- Route of the Awarua River

Location
- Country: New Zealand
- Region: Southland
- District: Southland

Physical characteristics
- Source: Waiuna Lagoon
- • coordinates: 44°18′54″S 168°08′32″E﻿ / ﻿44.3151°S 168.1421°E
- • elevation: 15 metres (49 ft)
- • location: Big Bay
- • coordinates: 44°17′35″S 168°07′15″E﻿ / ﻿44.29312°S 168.12088°E
- • elevation: 0 metres (0 ft)
- Length: 8.34 kilometres (5.18 mi)

Basin features
- Progression: Awarua River → Big Bay → Tasman Sea

= Awarua River (Southland) =

The Awarua River is a short river that flows from the Waiuna Lagoon into Big Bay, also known as Awarua Bay, an embayment at the northern end of Fiordland in New Zealand.

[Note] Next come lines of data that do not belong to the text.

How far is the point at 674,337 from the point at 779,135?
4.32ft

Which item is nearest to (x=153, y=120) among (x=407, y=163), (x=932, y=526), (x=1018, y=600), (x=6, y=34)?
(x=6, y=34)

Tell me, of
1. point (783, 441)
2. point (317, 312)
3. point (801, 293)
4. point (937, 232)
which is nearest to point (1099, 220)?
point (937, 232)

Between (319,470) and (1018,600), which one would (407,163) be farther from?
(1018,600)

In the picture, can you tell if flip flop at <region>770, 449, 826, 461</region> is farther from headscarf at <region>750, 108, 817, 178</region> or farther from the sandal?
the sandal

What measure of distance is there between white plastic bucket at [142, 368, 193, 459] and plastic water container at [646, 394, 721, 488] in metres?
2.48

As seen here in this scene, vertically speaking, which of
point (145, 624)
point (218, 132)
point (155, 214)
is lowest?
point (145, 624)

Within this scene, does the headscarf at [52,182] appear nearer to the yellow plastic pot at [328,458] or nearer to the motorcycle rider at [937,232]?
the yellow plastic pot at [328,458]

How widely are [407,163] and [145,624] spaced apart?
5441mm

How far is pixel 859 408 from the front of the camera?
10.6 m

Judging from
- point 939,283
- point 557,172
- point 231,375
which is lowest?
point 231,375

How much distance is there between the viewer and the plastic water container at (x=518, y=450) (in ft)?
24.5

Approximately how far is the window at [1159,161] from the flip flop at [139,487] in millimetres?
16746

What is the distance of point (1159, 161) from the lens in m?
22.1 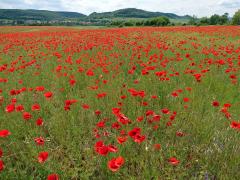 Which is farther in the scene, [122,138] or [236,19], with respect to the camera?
[236,19]

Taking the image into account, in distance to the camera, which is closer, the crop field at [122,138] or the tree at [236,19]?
the crop field at [122,138]

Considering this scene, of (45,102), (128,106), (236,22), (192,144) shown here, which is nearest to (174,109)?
(128,106)

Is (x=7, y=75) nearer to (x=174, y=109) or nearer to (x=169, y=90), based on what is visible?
(x=169, y=90)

The river's mouth is at the northern end of Three Mile Beach, the Big Bay beach. One of the rivers that feeds Waiuna Lagoon is the Dry Awarua River.

The mouth of the Awarua River is near the western boundary between the West Coast Regional Council area and the Southland Regional Council areas. It was formerly the boundary between Canterbury Province and Otago Province from when they were created in 1853.